(Collected data entries)
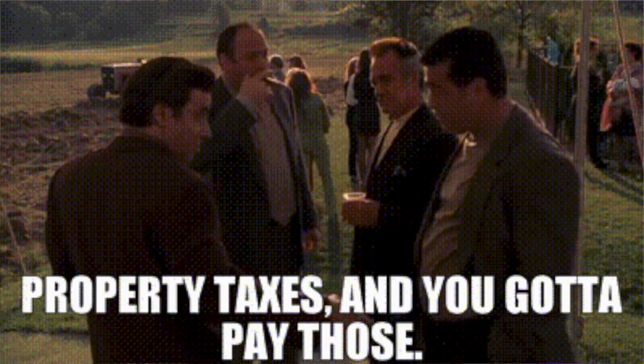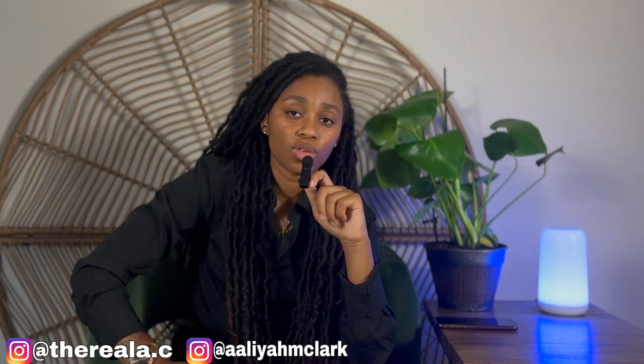First up, I want to talk about the eligibility criteria. To take advantage of the Section 121 exclusion, the homeowner must meet certain requirements. The property being sold must qualify as a primary residence, meaning it must have been occupied by the taxpayer for at least two out of the last five years preceding the sale. Additionally, individuals can only claim this exclusion once every two years, which prevents frequent claims from short-term real estate investments.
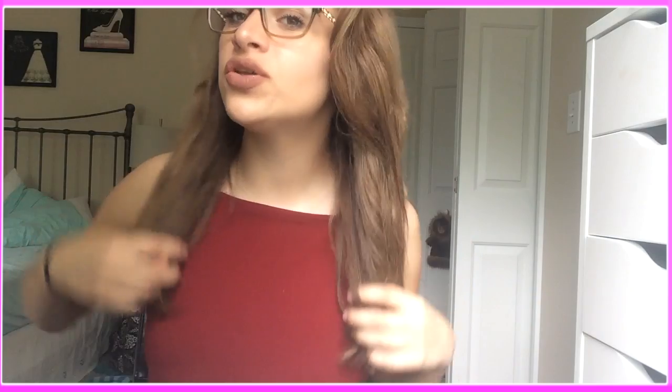That's pretty much it for all of my favorites for May 2016. I hope you all enjoyed the video, and if you did, don't forget to give it a thumbs up and subscribe to my channel down below. Don't forget to follow me on Instagram — I'll have all my links down below, and I will see you in my next video. Bye, guys.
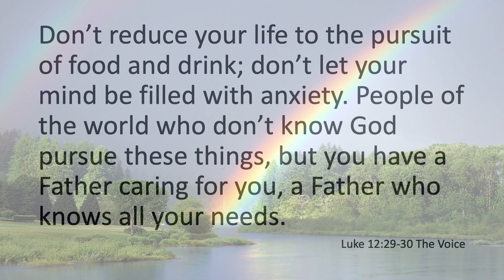Jesus also said: 'Don't reduce your life to the pursuit of food and drink; don't let your mind be filled with anxiety or worry. People of the world who don't know God pursue these things, but you have a father caring for you — a father who knows all your needs.' Remember the rainbow — it's God's promise that he will always provide. We can be thankful rather than anxious, and we learn to trust him. Work, but not worry.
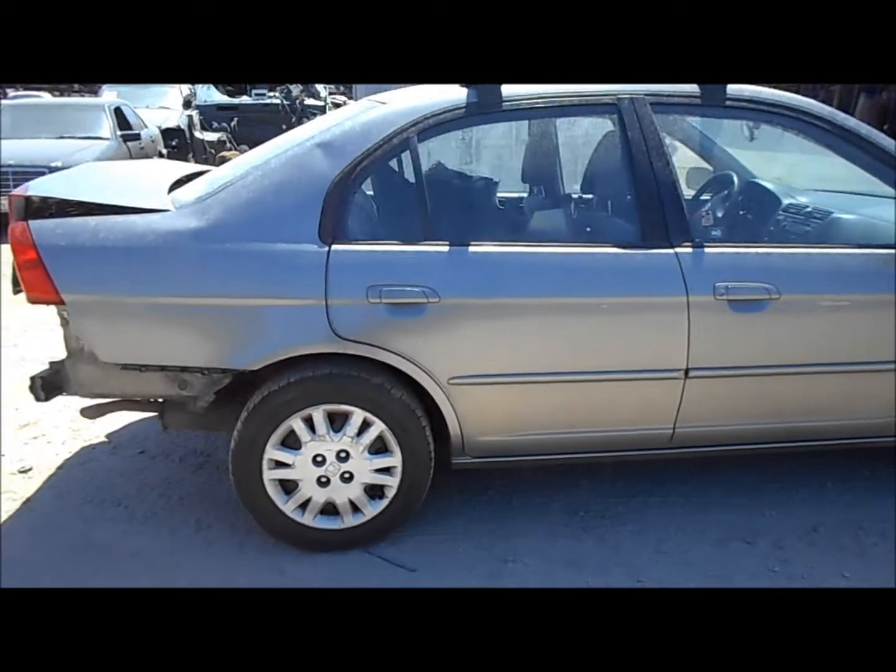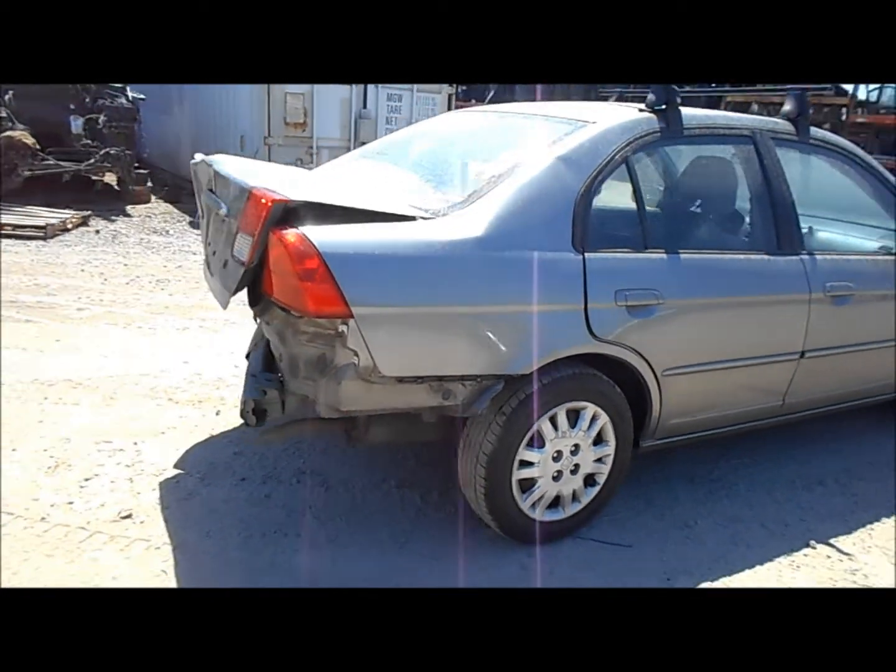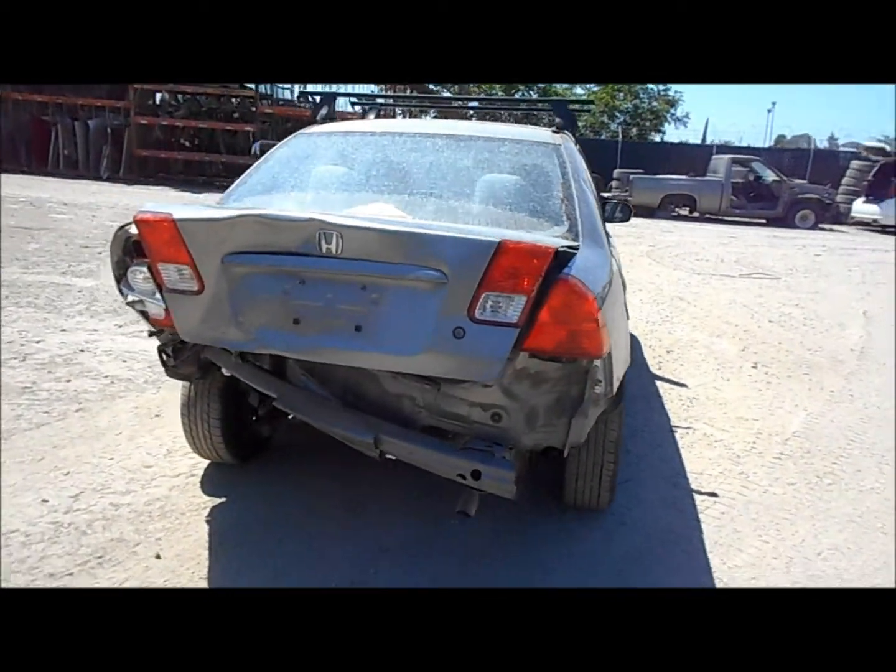Both doors on the passenger side are good. Front end and rear are good. The quarter panel on the passenger side looks okay.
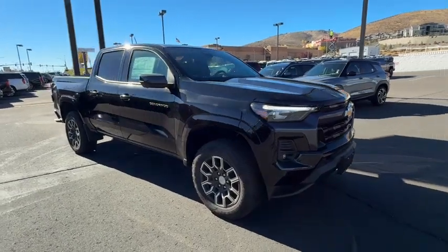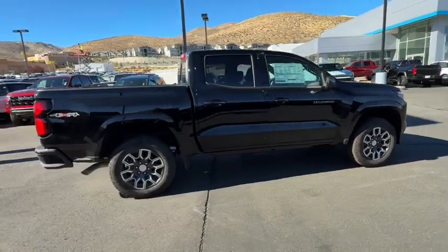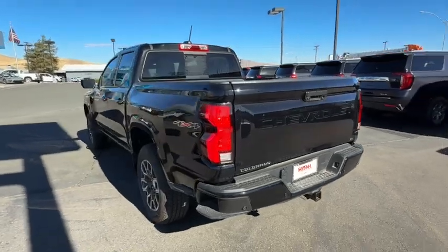Get acquainted with the 2024 Chevrolet Colorado. The Colorado delivers the power you need to get the job done, the comfort and amenities you want, and the fuel efficiency that just makes sense in today's world.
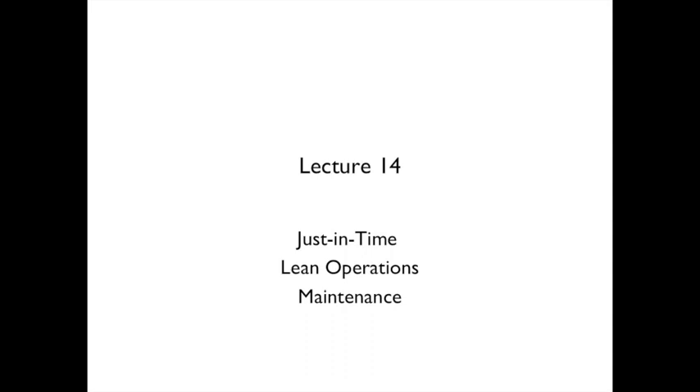Lecture 14: Just-in-Time, Lean Operations and Maintenance.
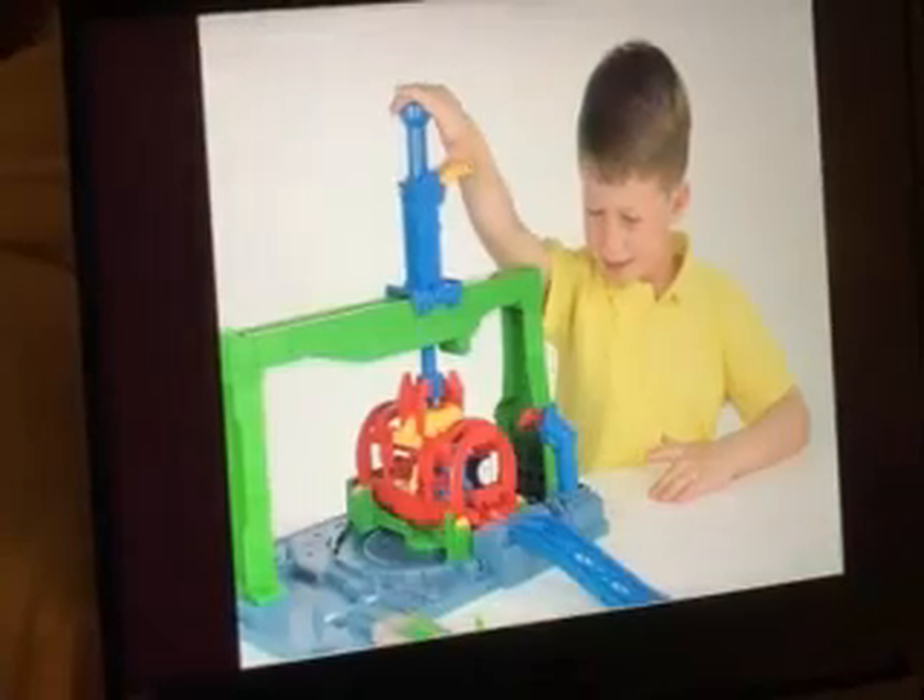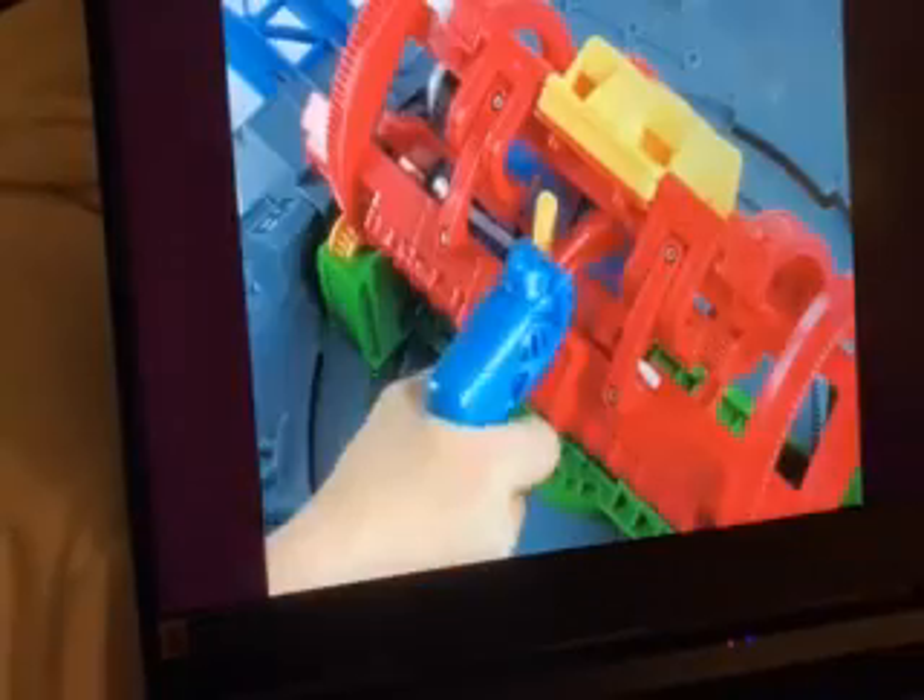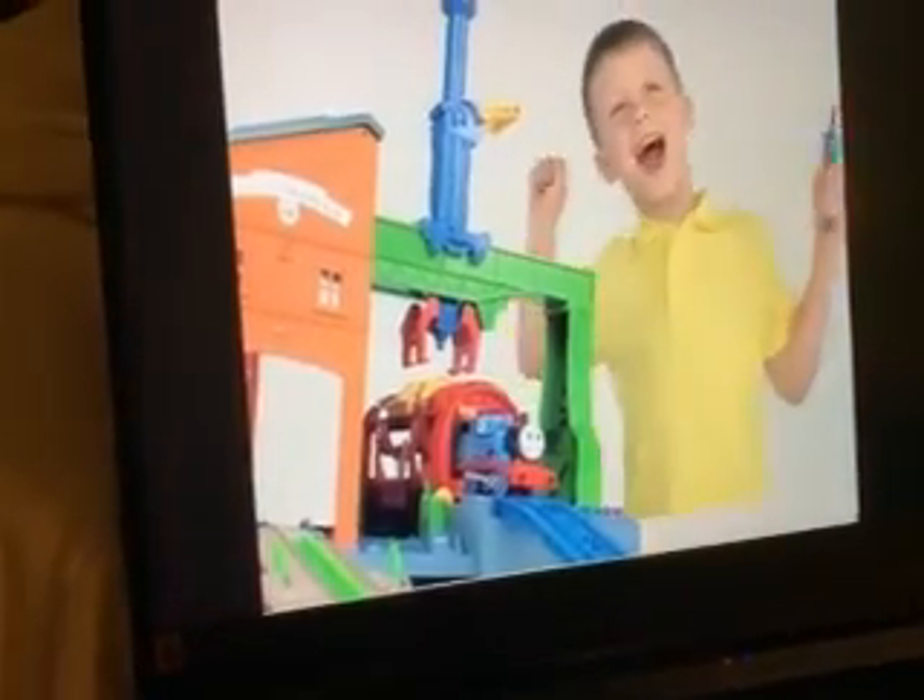Now it's off to the repair platform. Crank the spinner to turn Thomas around and around. The lights and sounds power tool will get him fixed up. Now he's as good as new and ready to work.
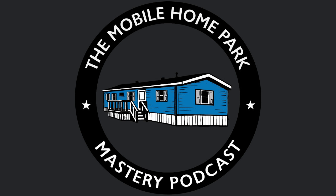Let's go on a mobile home buying shopping spree. This is Frank Rolfe with Mobile Home Park Mastery. I want to go over the five insider secrets to buying used mobile homes.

Task item
Output all lines above precisely. Pictures are to be left out.

Response
First up, I want to talk about the eligibility criteria. To take advantage of the Section 121 exclusion, the homeowner must meet certain requirements. The property being sold must qualify as a primary residence, meaning it must have been occupied by the taxpayer for at least two out of the last five years preceding the sale. Additionally, individuals can only claim this exclusion once every two years, which prevents frequent claims from short-term real estate investments.
That's pretty much it for all of my favorites for May 2016. I hope you all enjoyed the video, and if you did, don't forget to give it a thumbs up and subscribe to my channel down below. Don't forget to follow me on Instagram — I'll have all my links down below, and I will see you in my next video. Bye, guys.
Jesus also said: 'Don't reduce your life to the pursuit of food and drink; don't let your mind be filled with anxiety or worry. People of the world who don't know God pursue these things, but you have a father caring for you — a father who knows all your needs.' Remember the rainbow — it's God's promise that he will always provide. We can be thankful rather than anxious, and we learn to trust him. Work, but not worry.
Both doors on the passenger side are good. Front end and rear are good. The quarter panel on the passenger side looks okay.
Get acquainted with the 2024 Chevrolet Colorado. The Colorado delivers the power you need to get the job done, the comfort and amenities you want, and the fuel efficiency that just makes sense in today's world.
Lecture 14: Just-in-Time, Lean Operations and Maintenance.
Now it's off to the repair platform. Crank the spinner to turn Thomas around and around. The lights and sounds power tool will get him fixed up. Now he's as good as new and ready to work.
Let's go on a mobile home buying shopping spree. This is Frank Rolfe with Mobile Home Park Mastery. I want to go over the five insider secrets to buying used mobile homes.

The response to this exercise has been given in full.